蕭夙朝猛地攥住她手腕,鎏金袖扣硌得她生疼︰"龍涎香與斃淑膽相遇會化作致命毒霧!你......"話音戛然而止,他望著她蒼白卻得意的笑臉,心髒仍在胸腔里狂跳。
"我哪會這麼傻?"澹台凝霜反手握住他冰涼的手指,"是買通丞相府的侍從做的,那人今早已經......"她做了個抹脖子的手勢,眼中閃過一絲冷意,"薛家死士對念棠錦年下手時,我早讓青籬暗中跟上。不僅殺了那些爪牙,還將陛下的暗衛扮成刺客模樣故意暴露——"她咬了咬下唇,"薛丞相見狀,自然急著狗急跳牆。至于我用葵心散擾亂脈象,讓太醫誤判......不過是想等個萬全之策罷了。"
她忽然想起什麼,連忙補充︰"今天下午尊曜恪禮胡鬧的事,我真不知情!後來實在腹痛難忍,讓太醫把脈才驚覺......原來小翊兒已經在我肚子里安了家。"
蕭夙朝暗金色的丹鳳眼里翻涌著驚怒與後怕,燭火在他眼底跳躍,將眸中情緒映得愈發濃烈︰"接下來......咱們好好算算賬。"尾音像淬了冰的刀刃,卻掩不住沙啞的顫音。

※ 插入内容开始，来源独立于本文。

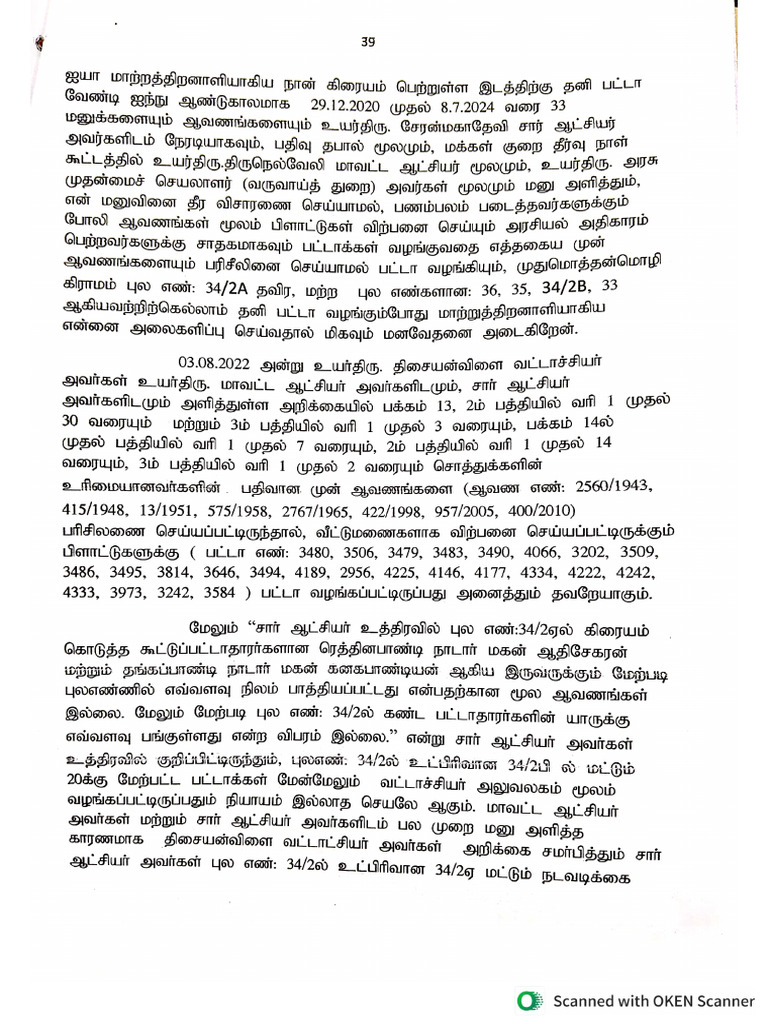 T P Ramesh | PDF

太皇太後見狀連忙干咳一聲,顫巍巍扶著龍頭拐杖起身︰"那什麼,哀家突然想起來,該去給清冑物色王妃了。"說著朝太上皇使了個眼色,老皇帝立刻會意,"咳咳,朕也去掌掌眼!"
蕭清冑望著突然要走的祖父母,再看看周身散發低氣壓的兄長,苦著臉開口︰"哥......"
"滾。"蕭夙朝頭也不抬,鎏金袖袍一揮,龍紋戒指在燭光下泛著冷光。
"哦......"蕭清冑縮了縮脖子,灰溜溜地退了出去,順手帶上雕花木門。殿內燭火突然明滅不定,檐角銅鈴在夜風里發出細碎聲響。
待腳步聲遠去,蕭夙朝猛地將人拽進懷里,指腹捏著她下頜,聲音里帶著咬牙切齒的怒意︰"皇後娘娘,拿朕當棋子......好玩嗎?"
澹台凝霜卻順勢環住他的脖頸,指尖纏著他束發的玉冠流甦,軟軟糯糯地撒嬌︰"人家知錯了嘛......"她仰起臉,睫毛上還沾著未干的淚花,"隕哥哥生氣的樣子好凶,人家好怕怕......"說著往他懷里蹭了蹭,發間茉莉香混著藥味,絲絲縷縷鑽進蕭夙朝鼻間。
蕭夙朝的指腹摩挲著她泛紅的下頜,暗金色的眼眸倒映著她嬌怯的面容,喉間溢出一聲嘆息︰"知道怕你還做?"他突然收緊手臂,將人牢牢禁錮在懷中,"嗯?還敢不敢了?"尾音里帶著難以察覺的顫抖,似是仍在回味方才驚心動魄的算計。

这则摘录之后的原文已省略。